Tutti insieme per “rifare” il Pd, come dice qualcuno?
“Qui il tema non è rifare il Partito Democratico. Se dovessimo rifarlo per com’è meglio non farlo. Dobbiamo riavviarlo, come un computer impallato, e per questo terremo un’iniziativa a Palermo il 28 giugno. Abbiamo scelto come portavoce Franco Piro”.
Sì, ma l’incontro di ieri s’è tenuto a Enna. Facile definirvi “la corrente di Crisafulli”, visto che lui c’era.
“L’abbiamo fatto lì perché Enna è il baricento della Sicilia. E poi, mica c’è da vergognarsi: Mirello Crisafulli negli anni è stato un esponente di primo piano del Partito democratico e ha il diritto di farne parte. Non ho nessuna difficoltà a ritenere che per lui ci debba essere uno spazio di militanza”.
C’è, però, una questione morale sollevata sul suo conto.
“Fino a prova contraria è una persona perbene, ed è anche un politico raffinato”.

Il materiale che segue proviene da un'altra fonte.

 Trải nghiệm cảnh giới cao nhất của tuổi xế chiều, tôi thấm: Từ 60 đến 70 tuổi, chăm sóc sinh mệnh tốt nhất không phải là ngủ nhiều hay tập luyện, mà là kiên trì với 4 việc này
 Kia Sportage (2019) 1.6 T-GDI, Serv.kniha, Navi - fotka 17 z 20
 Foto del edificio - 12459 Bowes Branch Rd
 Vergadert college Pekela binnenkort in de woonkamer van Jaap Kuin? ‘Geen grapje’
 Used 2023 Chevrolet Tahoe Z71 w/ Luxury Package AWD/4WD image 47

Un politico raffinato e una persona perbene che, però, la commissione di garanzia del partito non ha voluto in lista.
“Sì, c’è stato un invito esplicito affinché non si candidasse per un’accusa di abuso d’ufficio, ma è stato impegnatissimo al fianco del partito in campagna elettorale”.

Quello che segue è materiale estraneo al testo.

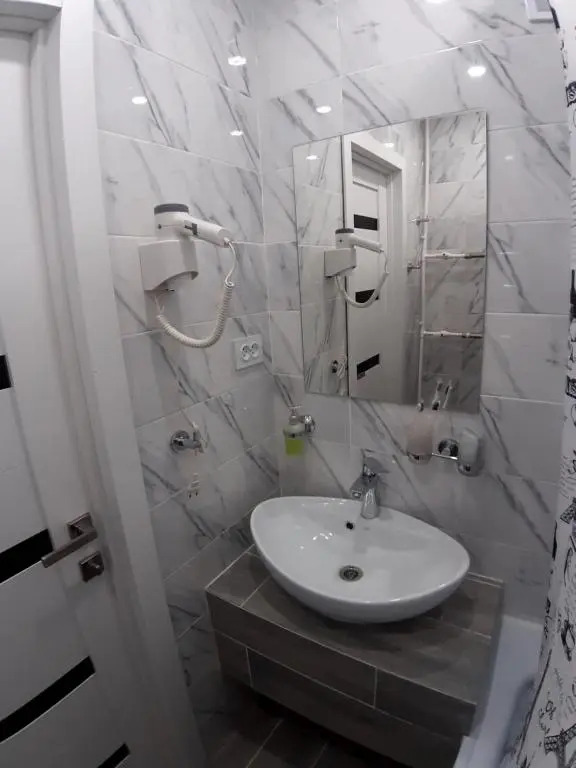 Apartment lux Tolstogo 90. Апартаменты люкс Толстого 90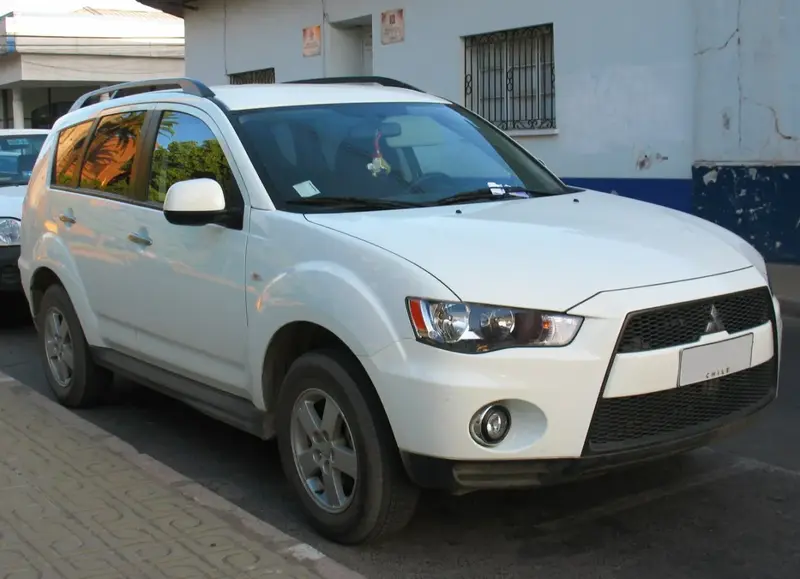Mitsubishi Outlander - 5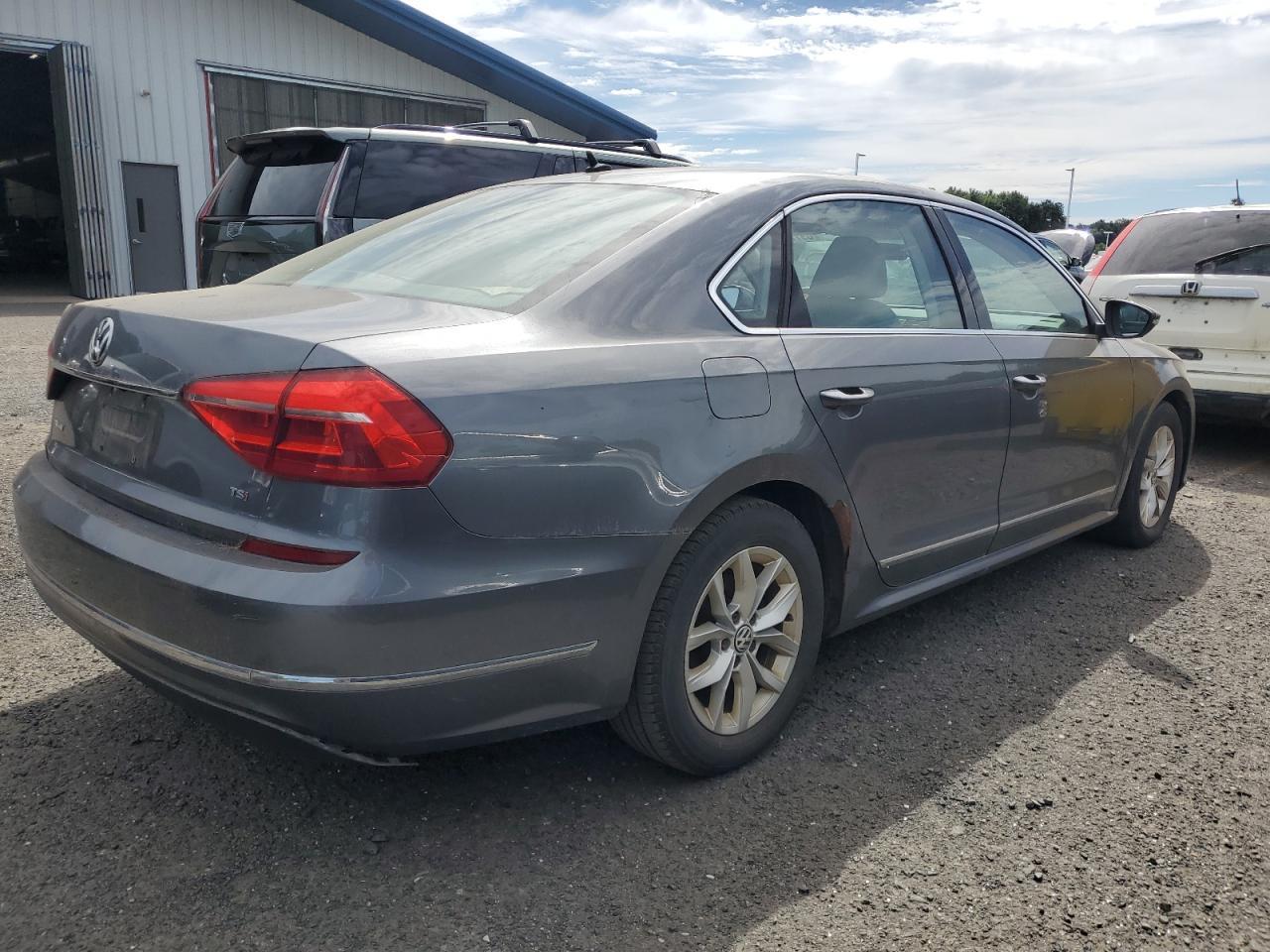 2016 Volkswagen Passat S - Фото 3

Già, l’abuso d’ufficio è l’accusa per la quale è stato escluso. C’è però un’altra vicenda che lo riguarda: è stato ripreso mentre incontrava il boss Raffaele Bevilacqua in un hotel. Fatti giudicati non penalmente rilevanti, sui quali però è stata sollevata a più riprese una questione morale.
“È la solita storia. Quel che non viene detto, però, è che quel tizio, Bevilacqua, fu cacciato, e che lo stesso personaggio è stato incontrato a più riprese dall’ex presidente della Regione Raffaele Lombardo, che è attualmente a giudizio. La candeggina di questo partito, però, ha ripulito chi adesso è sotto processo per mafia perché potesse andare al potere in nome e per conto della presunta antimafia”.

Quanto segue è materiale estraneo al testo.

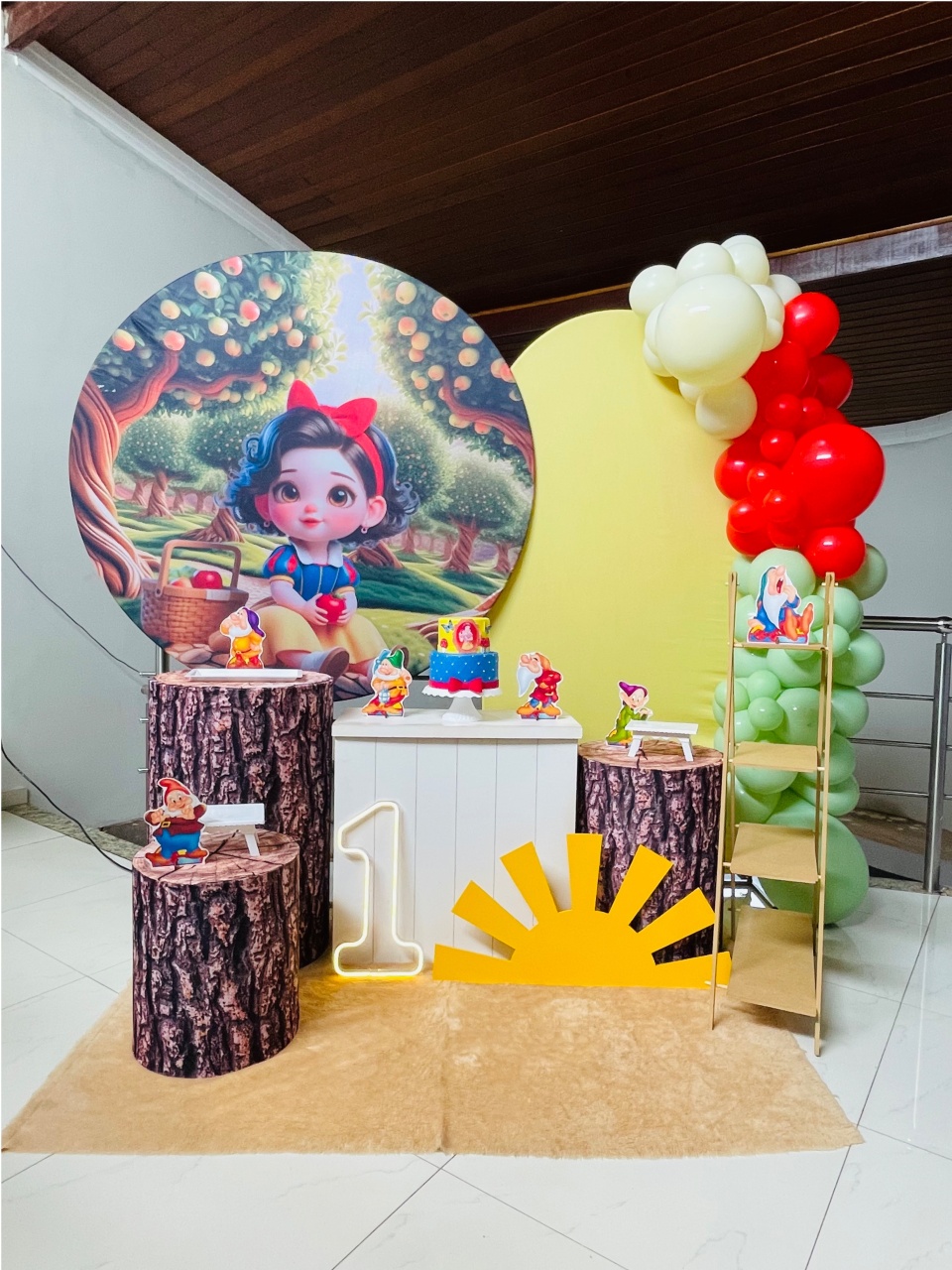 Pegue E Monte Kit G1 Branca de Neve Baby (Troncos) Com Led - Pallacius Festas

E siamo arrivati al punto. Lumia contro Crisafulli, l’eterna sfida.
“Vorrei che questa polemica, fatta da chi vive di contrapposizione, fosse messa definitivamente da parte. In questo partito c’è un dibattito che vuole prescindere dalla querelle creata ad arte da chi vuole vivere di luce riflessa”.
Querelle creata ad arte?
“Non vorrei che l’inacidimento per non essere diventato segretario del Pd diventi in eterno il pomo della discordia. Lumia in passato non ha mai avuto difficoltà a stare in lista con Crisafulli. Il problema è nato quando qualcuno ha avuto bisogno di essere ricandidato in spregio alle regole statutarie. Abbiamo delle regole chiare: mai più di due mandati. Qui, invece, c’è qualcuno che può essere ricandidato tre, quattro volte. E qui torniamo al concetto di prima: legalità è anche rispettare le regole interne”.